11. An apparatus, comprising:

a network interface to communicate with a computer network;

a processor coupled to the network interface and configured to execute one or more processes; and

a memory configured to store a process that is executed by the processor, the process when executed configured to:

determine a level of service for a task request for processing by a partitioned neural network executed across a plurality of devices;

identify performance characteristics of different processing paths across the partitioned neural network;

select, based on the level of service for the task request and the performance characteristics of the different processing paths, a particular path from among the different processing paths to process the task request; and

send the task request for processing by the partitioned neural network along the particular path.

12. The apparatus as in claim 11, wherein a first device in the plurality of devices executes a partition of the partitioned neural network and a second device in the plurality of devices executes a copy of that partition.

13. The apparatus as in claim 12, wherein the first device is located along the particular path and the second device is located along another path from among the different processing paths.

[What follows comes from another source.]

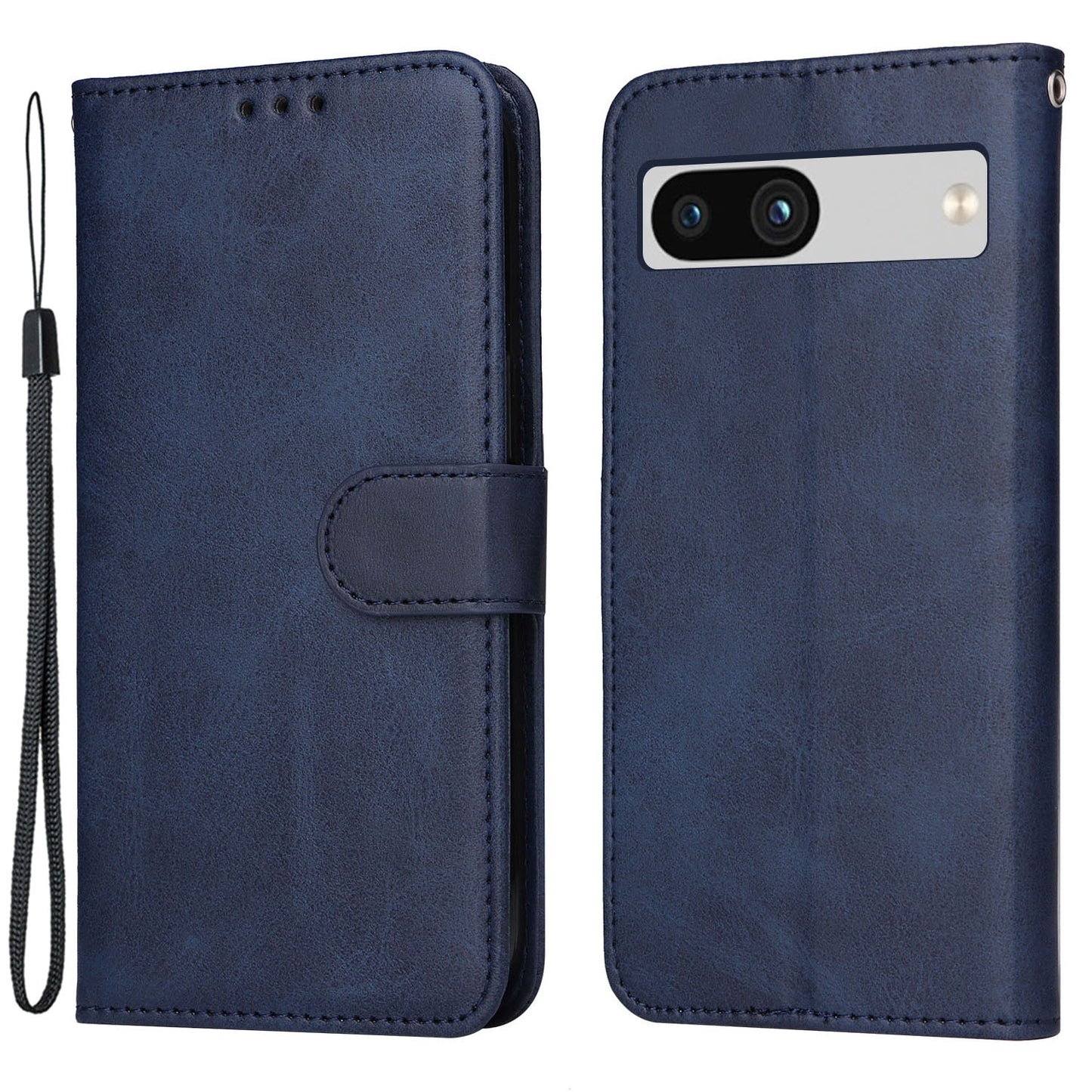 For Google Pixel 7a Cell Phone Cover Calf Texture PU Leather Wallet Stand Case with Strap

14. The apparatus as in claim 11, wherein the level of service is based on a type of request associated with the task request or a data type associated with the task request.

15. The apparatus as in claim 11, wherein the level of service is based on a requestor that issued the task request.

16. The apparatus as in claim 11, wherein the plurality of devices executes at least one multiplexer and demultiplexer that connect two or more partitions of the partitioned neural network.

17. The apparatus as in claim 11, wherein the performance characteristics are indicative of at least one of: path latencies of the different processing paths, latency metrics for the plurality of devices, or queue information for the plurality of devices.

18. The apparatus as in claim 11, wherein the apparatus sends the task request for processing by the partitioned neural network along the particular path by:

applying a label to the task request indicative of the level of service.

19. The apparatus as in claim 18, wherein a device from among the plurality of devices prioritizes the task request for processing by a partition of the partitioned neural network based on the label.

20. A tangible, non-transitory, computer-readable medium storing program instructions that cause a controller to execute a process comprising:

determining, by the controller, a level of service for a task request for processing by a partitioned neural network executed across a plurality of devices;

identifying, by the controller, performance characteristics of different processing paths across the partitioned neural network;

selecting, by the controller, a particular path from among the different processing paths to process the task request, based on the level of service for the task request and the performance characteristics of the different processing paths; and

sending, by the controller, the task request for processing by the partitioned neural network along the particular path.